Exports decrease in June09/07/2019
There was a decrease in footwear exports in the last month of the semester. Data prepared by the Brazilian Footwear Industries Association (Abicalçados) indicates that 6.4 million pairs were shipped in the sixth month of the year. They generated USD 64.45 million, a 25.8% decrease in volume and a 24.5% decrease in revenues in comparison with the result in the same month in 2018. Therefore, over the semester, a total of 58.3 million pairs were shipped, generating USD 480.7 million, figures 5.3% higher in volume and 1.3% smaller in values in comparison with the same period last year.
During the semester, the main destinations of Brazilian footwear exports were the United States (6.4 million pair and USD 101.25 million, a 28.4% increase in volume and a 34.6% increase in revenues in comparison with the corresponding period last year), Argentina (3.47 million pairs and USD 44.5 million, a 37.2% decrease in volume and a 41.8% decrease in revenues), and France (3.47 million pairs and USD 26.16 million, a 1.1% decrease in volume and a 13.6% decrease in revenues).
During the semester, the main origin of Brazilian exports in the industry was the state of Rio Grande do Sul.
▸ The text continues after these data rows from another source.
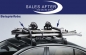 Preview: BMW Ski and snowboard holder for bmw base support system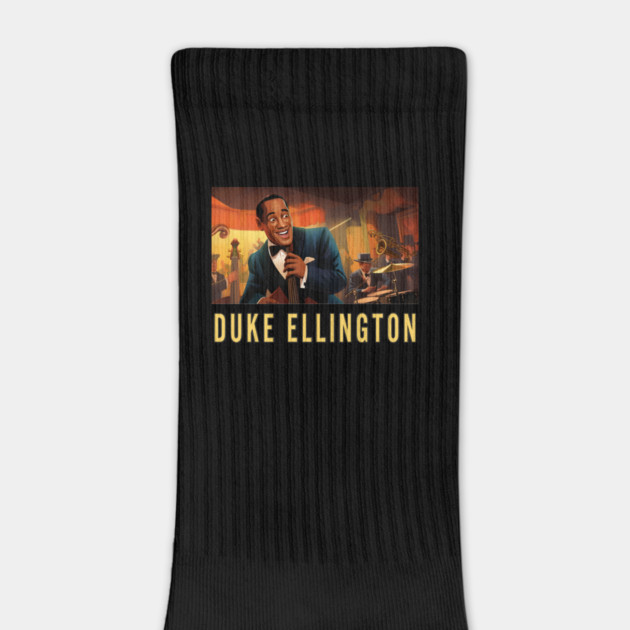 Duke Ellington by UrbanLifeApparel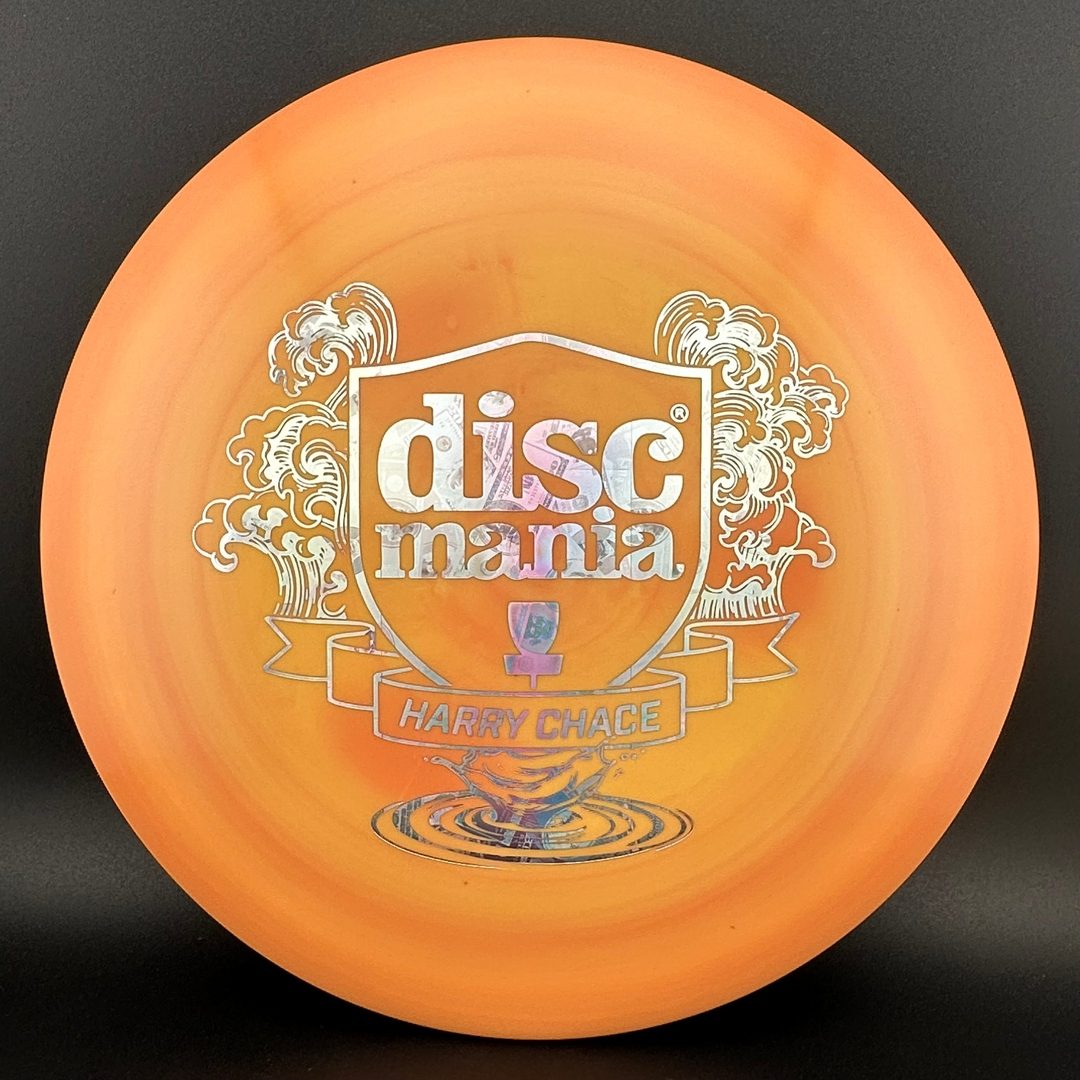 Swirl S-Line FD - Harry Chace 2025 Team Series Discmania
During the period, manufacturers in that state shipped 14.18 million pairs that generated USD 212.44 million, a 5.3% increase in volume and a 2.5% decrease in revenues in comparison with the corresponding period in 2018.
The second origin during the semester was Ceará, from where 21.3 million pairs were shipped, generating USD 129.7 million, a 3.6% decrease in volume and a 4% increase in revenues in relation to the same period last year.
The third origin during the period was São Paulo. The state shipped 3.83 million pairs for USD 50.7 million, an 8.6% increase in volume and a 5.8% decrease in revenues in comparison with the six first months of 2018.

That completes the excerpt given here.